- Problem description: Could the lines from the one with "Louis Vuitton Monogram Speedy 30 7 of 11" through the end of the listing be restated exactly, with nothing else included?

- Records supplied:
========
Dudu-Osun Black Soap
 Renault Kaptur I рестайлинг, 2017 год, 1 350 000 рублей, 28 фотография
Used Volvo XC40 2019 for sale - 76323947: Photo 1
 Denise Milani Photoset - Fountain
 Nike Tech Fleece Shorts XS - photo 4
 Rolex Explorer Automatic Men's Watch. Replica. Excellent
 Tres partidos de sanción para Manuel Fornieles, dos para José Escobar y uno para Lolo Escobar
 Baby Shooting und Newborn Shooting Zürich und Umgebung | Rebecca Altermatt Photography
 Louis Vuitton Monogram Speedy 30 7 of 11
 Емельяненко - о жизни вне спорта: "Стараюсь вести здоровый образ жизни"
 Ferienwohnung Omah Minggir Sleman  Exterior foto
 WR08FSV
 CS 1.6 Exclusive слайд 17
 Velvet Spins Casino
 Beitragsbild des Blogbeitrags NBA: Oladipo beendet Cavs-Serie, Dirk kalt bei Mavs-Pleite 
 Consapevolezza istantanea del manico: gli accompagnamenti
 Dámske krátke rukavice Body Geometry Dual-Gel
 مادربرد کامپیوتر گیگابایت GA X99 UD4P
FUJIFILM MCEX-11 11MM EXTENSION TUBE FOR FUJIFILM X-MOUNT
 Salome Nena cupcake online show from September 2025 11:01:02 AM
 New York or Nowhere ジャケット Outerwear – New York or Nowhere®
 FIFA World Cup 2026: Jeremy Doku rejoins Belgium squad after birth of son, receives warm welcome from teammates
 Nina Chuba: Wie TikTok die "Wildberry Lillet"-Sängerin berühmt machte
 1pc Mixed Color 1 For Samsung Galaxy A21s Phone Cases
========
- Result for this exercise:
 Louis Vuitton Monogram Speedy 30 7 of 11
 Емельяненко - о жизни вне спорта: "Стараюсь вести здоровый образ жизни"
 Ferienwohnung Omah Minggir Sleman  Exterior foto
 WR08FSV
 CS 1.6 Exclusive слайд 17
 Velvet Spins Casino
 Beitragsbild des Blogbeitrags NBA: Oladipo beendet Cavs-Serie, Dirk kalt bei Mavs-Pleite 
 Consapevolezza istantanea del manico: gli accompagnamenti
 Dámske krátke rukavice Body Geometry Dual-Gel
 مادربرد کامپیوتر گیگابایت GA X99 UD4P
FUJIFILM MCEX-11 11MM EXTENSION TUBE FOR FUJIFILM X-MOUNT
 Salome Nena cupcake online show from September 2025 11:01:02 AM
 New York or Nowhere ジャケット Outerwear – New York or Nowhere®
 FIFA World Cup 2026: Jeremy Doku rejoins Belgium squad after birth of son, receives warm welcome from teammates
 Nina Chuba: Wie TikTok die "Wildberry Lillet"-Sängerin berühmt machte
 1pc Mixed Color 1 For Samsung Galaxy A21s Phone Cases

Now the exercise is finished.